● Data for analysis:
--- START ---

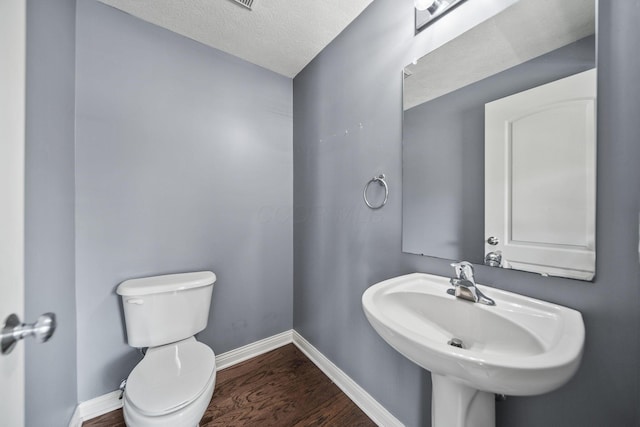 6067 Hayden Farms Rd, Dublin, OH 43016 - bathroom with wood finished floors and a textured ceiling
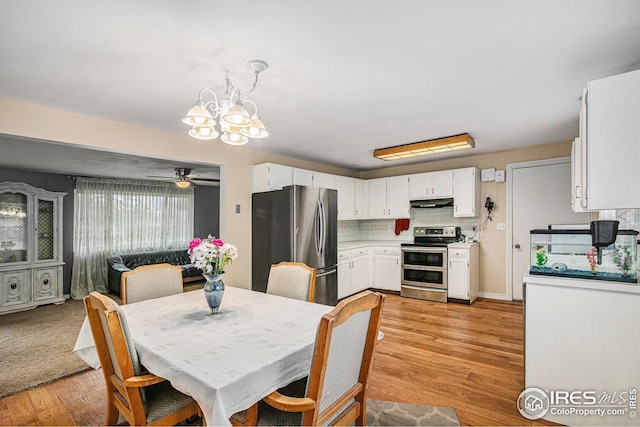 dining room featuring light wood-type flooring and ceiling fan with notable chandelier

--- END ---
--- START ---

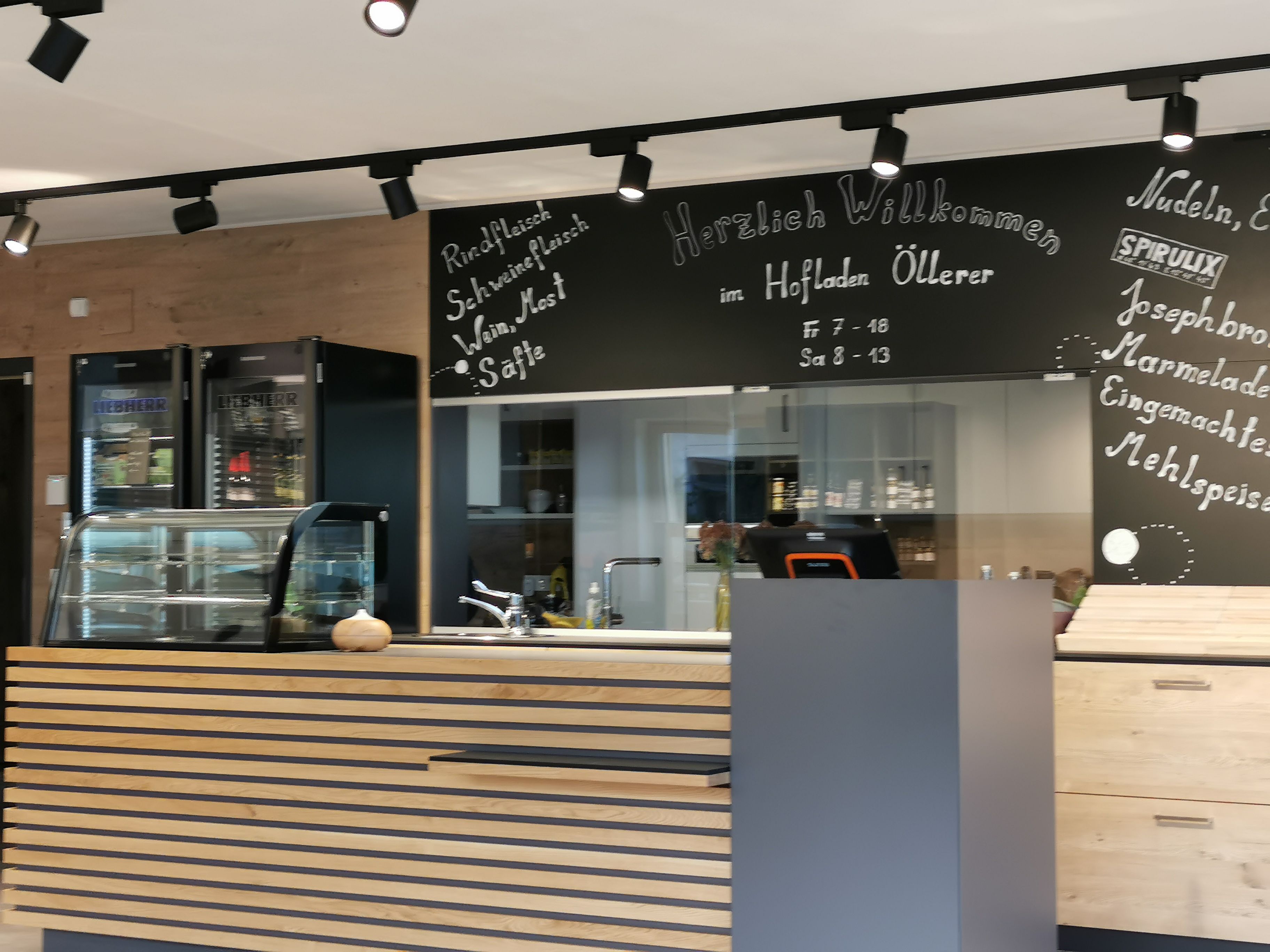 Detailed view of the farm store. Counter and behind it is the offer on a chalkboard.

--- END ---
--- START ---

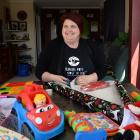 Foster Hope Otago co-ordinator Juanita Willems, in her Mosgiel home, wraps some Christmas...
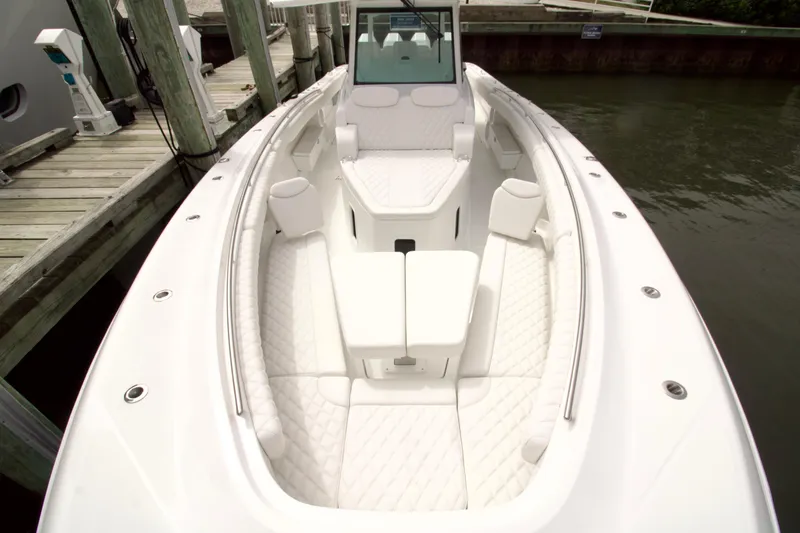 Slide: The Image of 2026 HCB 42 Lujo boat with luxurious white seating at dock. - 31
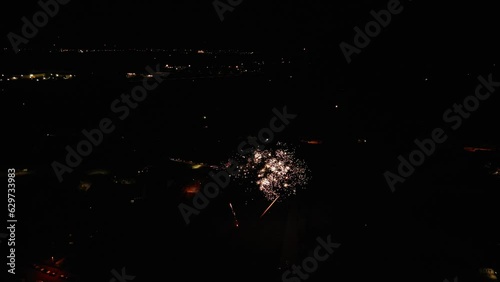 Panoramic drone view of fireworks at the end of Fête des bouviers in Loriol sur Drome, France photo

--- END ---

● What you should do:
Text only, no pictures: please print exactly the lines above from the line with "6067 Hayden Farms" up to and including the line with "dining room featuring", and nothing else.

● Answer below:
 6067 Hayden Farms Rd, Dublin, OH 43016 - bathroom with wood finished floors and a textured ceiling
 dining room featuring light wood-type flooring and ceiling fan with notable chandelier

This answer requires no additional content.